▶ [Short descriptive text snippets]

----------

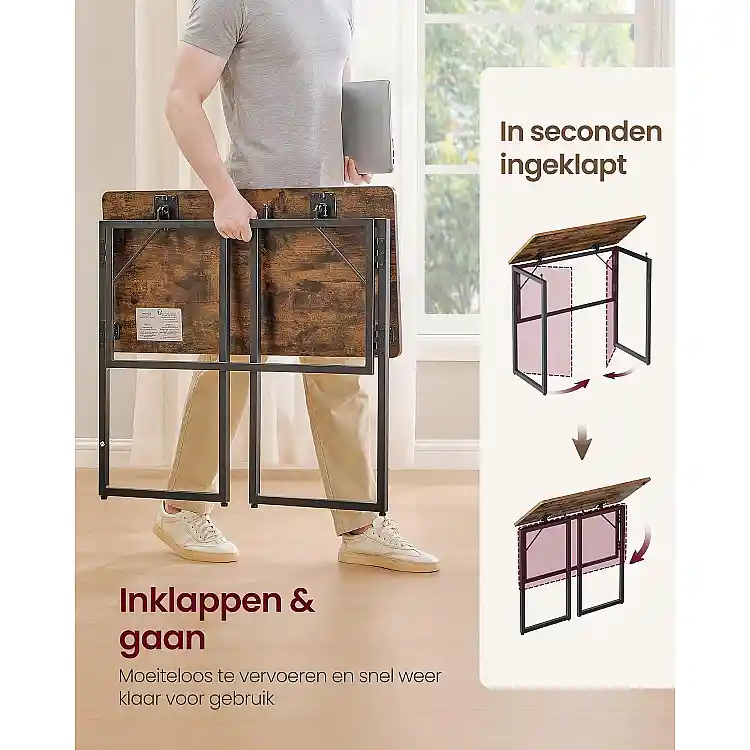 VASAGLE Πτυσσόμενο Γραφείο Υπολογιστή 80 x40 x74 cm LWD151KD01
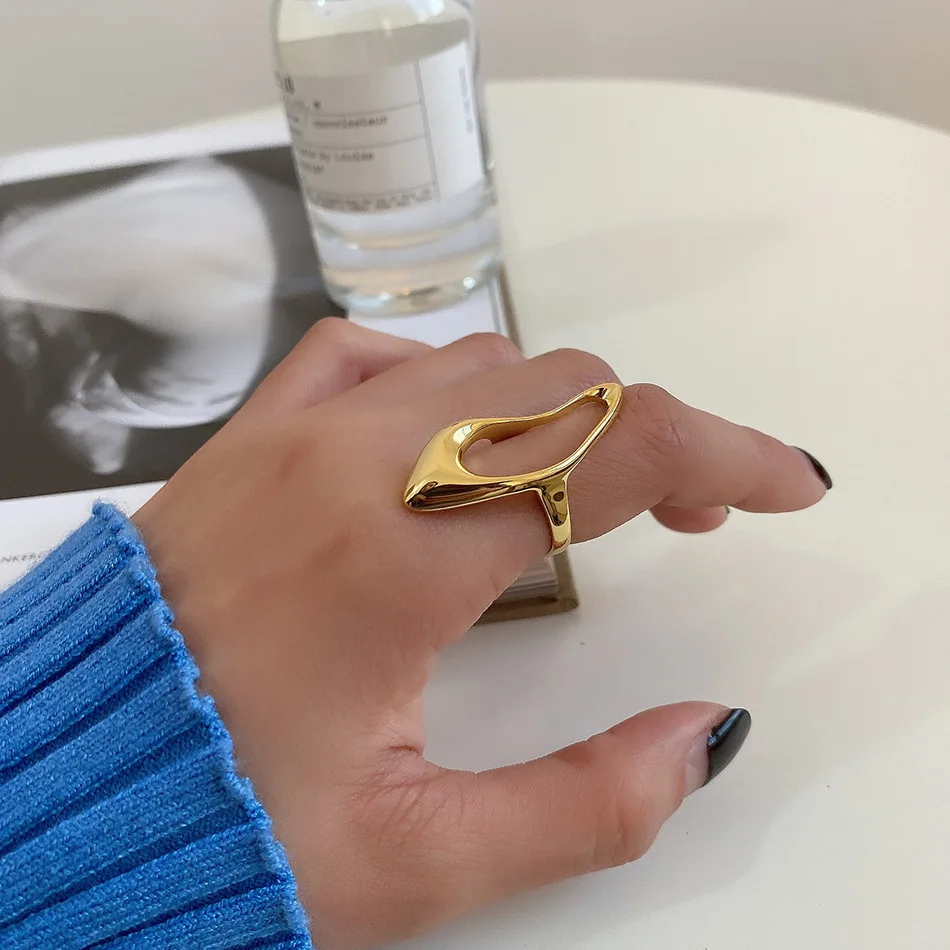 

Brass With 18K Gold Geo Solid Rings Women Jewelry Punk Runway T Show Designer Club Cocktail Party Japan Korean Trendy Ins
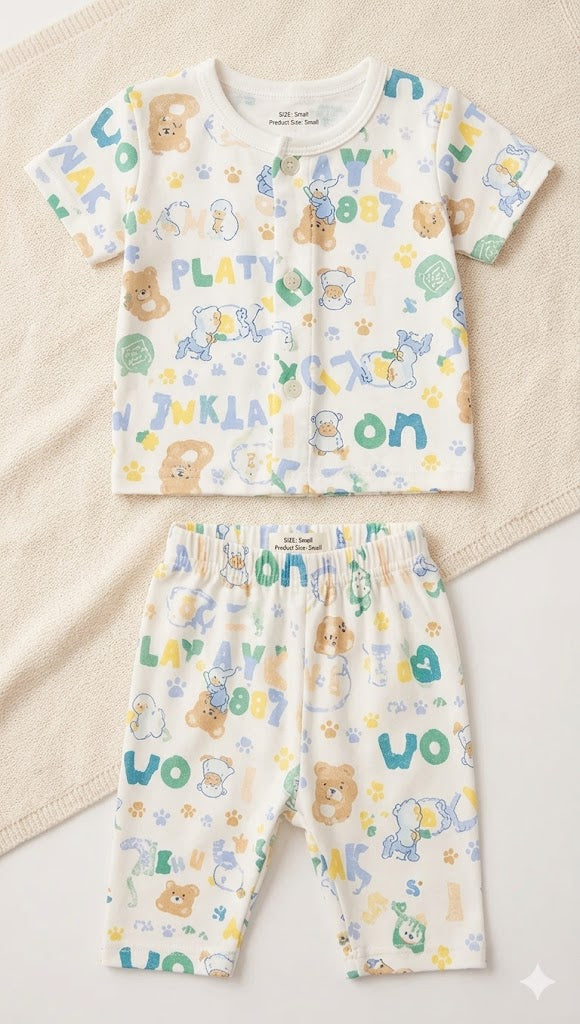 Baby Printed Short Sleeve Romper – Soft Cotton Bodysuit (White Multi Print)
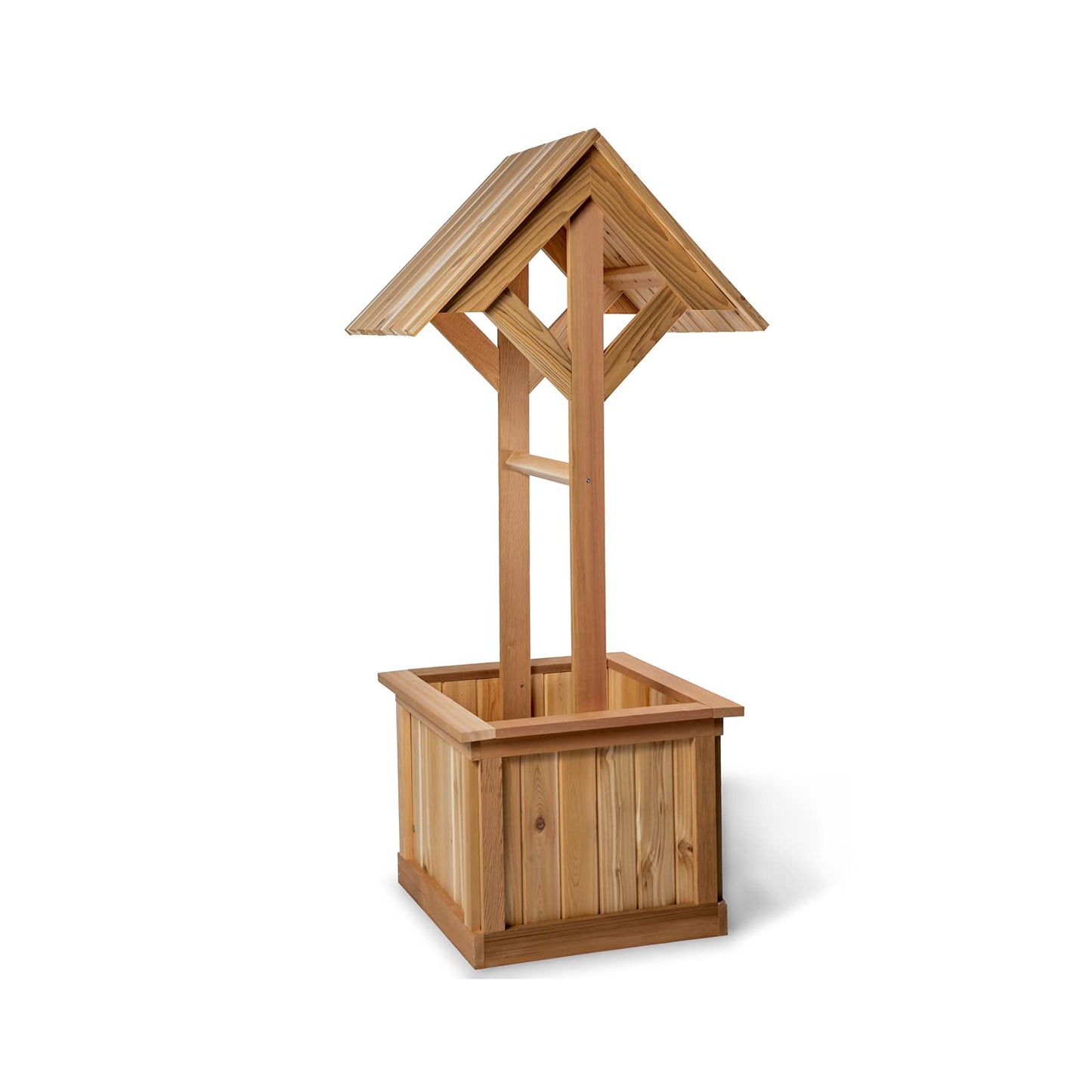 All Things Cedar Wishing Well Planter Box (5-Ft) - WoodArtSupply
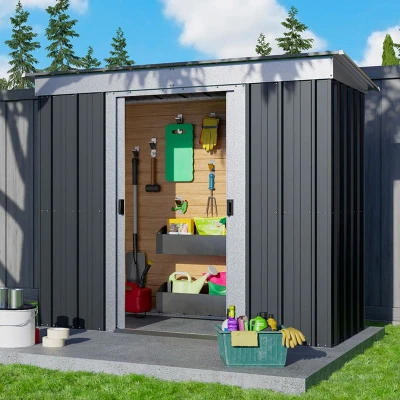 Image of 6&#039; x 4&#039; Yardmaster Castleton Anthracite Pent Metal Shed (1.98m 1.19m)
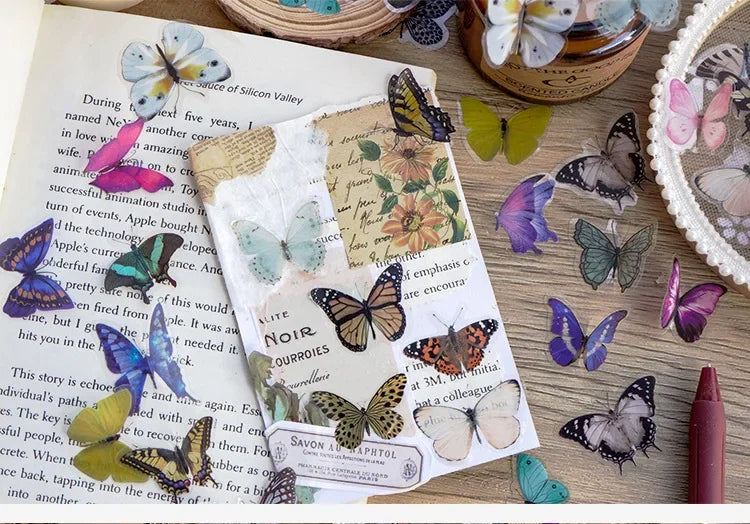 Journamm 40pcs/pack Butterfly Series Stickers Art Collage Junk Journal DIY Scrapbooking PET Waterproof Craft Aesthetics Stickers Beauty World Shop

----------

▶ [Assigned task] Begin at the line containing "Image of 6&#039;" and copy every line through the end of the data above exactly, omitting the pictures.

▶ [Response box]
 Image of 6&#039; x 4&#039; Yardmaster Castleton Anthracite Pent Metal Shed (1.98m 1.19m)
 Journamm 40pcs/pack Butterfly Series Stickers Art Collage Junk Journal DIY Scrapbooking PET Waterproof Craft Aesthetics Stickers Beauty World Shop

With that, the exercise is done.